Random musings on interactivity

Wolf made his usual excellent charts about the steep decline of movie theaters. Number of tickets peaked in 2002, then gradually fell off until the “virus” holocaust. Why 2002? That’s when the web became mature and fast for most people.

Most types of information had theatrical versions and private versions for many centuries. The web is a new private version, not a new theatrical version.

School has lectures and textbooks, and now online textbooks and courseware.

Fiction has theater and books, and now online books, which don’t include any equivalent of courseware.

Music has live performances and sheet music and records, and now streaming live performances. No courseware.

Live theater was a weak medium, basically replaced 80 years ago by movies.

Books have NEVER declined in a meaningful way. Kindle and other e-readers were briefly popular around 2010, but then faded.

What’s the key to survival?

Interactivity and control.

Live theater used to be interactive. Actors constantly reshaped their performance in response to the audience. Switch routines, switch jokes. After the vaudevillians moved into radio, live theater became more like movies, with each play running unchanged for years and years. It died.

I’ve discussed interactivity in radio before. The best programs found various ways to invite responses. Contests, quizzes, ‘workbooks’ or logs where you could follow along and make notes.

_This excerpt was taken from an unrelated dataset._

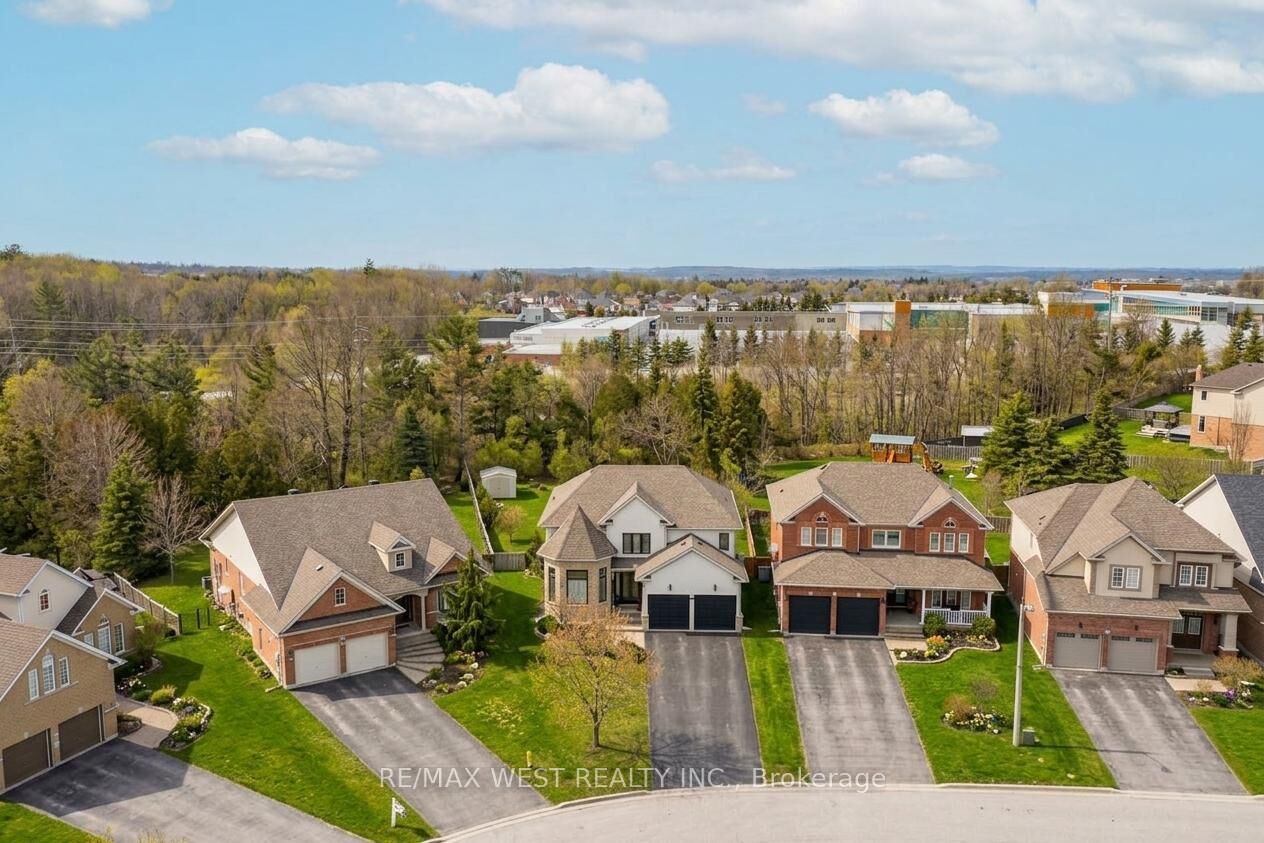 Property Photo: 90 Birkhall Place ON L4N 0K2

Magazines were also interactive in the same ways as radio. Some offered question-answering services for subscribers, and most had contests and premiums.

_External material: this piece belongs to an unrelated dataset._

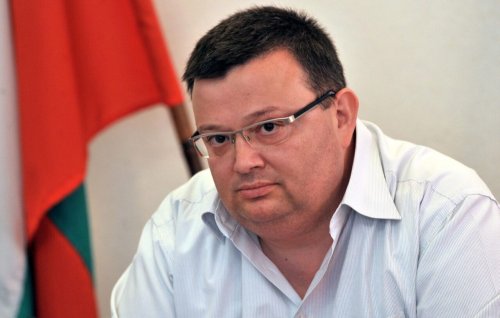 Напрежение около кабинета на Радев: Сотир Цацаров пробута своя къртица за съветник в МС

Books are interactive in an indirect way. You can make notes, skip sections, reread sections, refer back to a page for more info. You aren’t talking with the author, but you have CONTROL of the book itself. Online books lost the CONTROL. You don’t own the content, so you can’t make notes. [A few smart authors like Kirn and Batya are using online media to let you talk with the author, which obviously wouldn’t work with Shakespeare or Steinbeck.]

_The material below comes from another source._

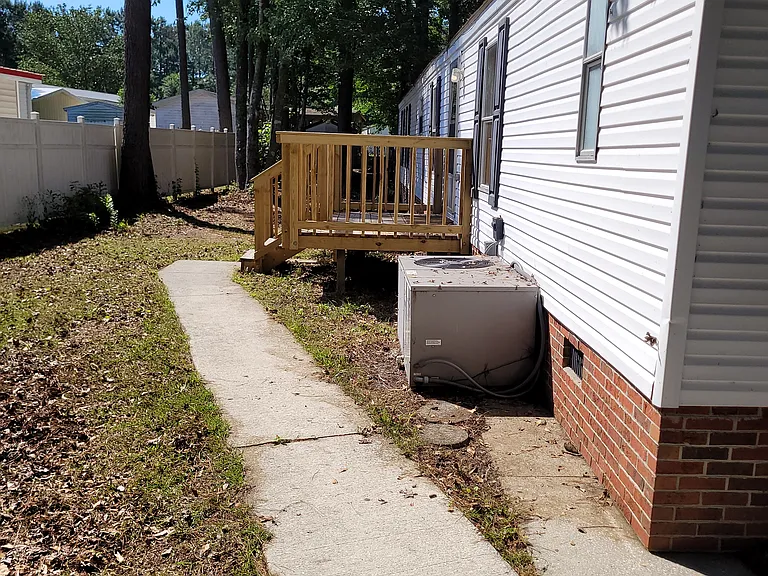 9006 Teal Dr — Photo 1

Movies were never interactive or controllable. You had to watch the entire thing from start to finish. Leaving early was conspicuous and socially punished. Streaming adds the element of CONTROL. You can start and stop at any point, and you can go back to an earlier scene for clarification. More like books.

Movie theaters realized a long time ago that their medium had no advantage, so they focused on the theater itself. Beautiful architecture, air conditioning in summer, snacks that you couldn’t get at the grocery store. As they moved into malls, the beauty was lost. As most people got AC, the comfort was lost. Finally only the snacks remained, and those weren’t enough to maintain a high price.

= = = = =

Later puzzle on an odd missing point in the graph. Music changed from mostly paper to mostly analog audio in 1920. Why didn’t books do the same? The technology was identical, and the studio and talent would have been much cheaper. Reading a chapter of a book each day would have been especially efficient for local radio stations with time to fill and expert announcers on staff. Only a few stations tried it, and didn’t stick with it. Audiobooks were limited to the blind market until EXTREMELY recently, like 5 years ago. Now you can find synthetic or live podcasts of book chapters easily. The explanation is likely to be CONTROL again, but still doesn’t explain the EXTREME recency. Synthetic speech hasn’t improved much since 1980. Synthetic podcasts would have been practical in the earliest incarnations of the web via Compuserve, and easy by 2000.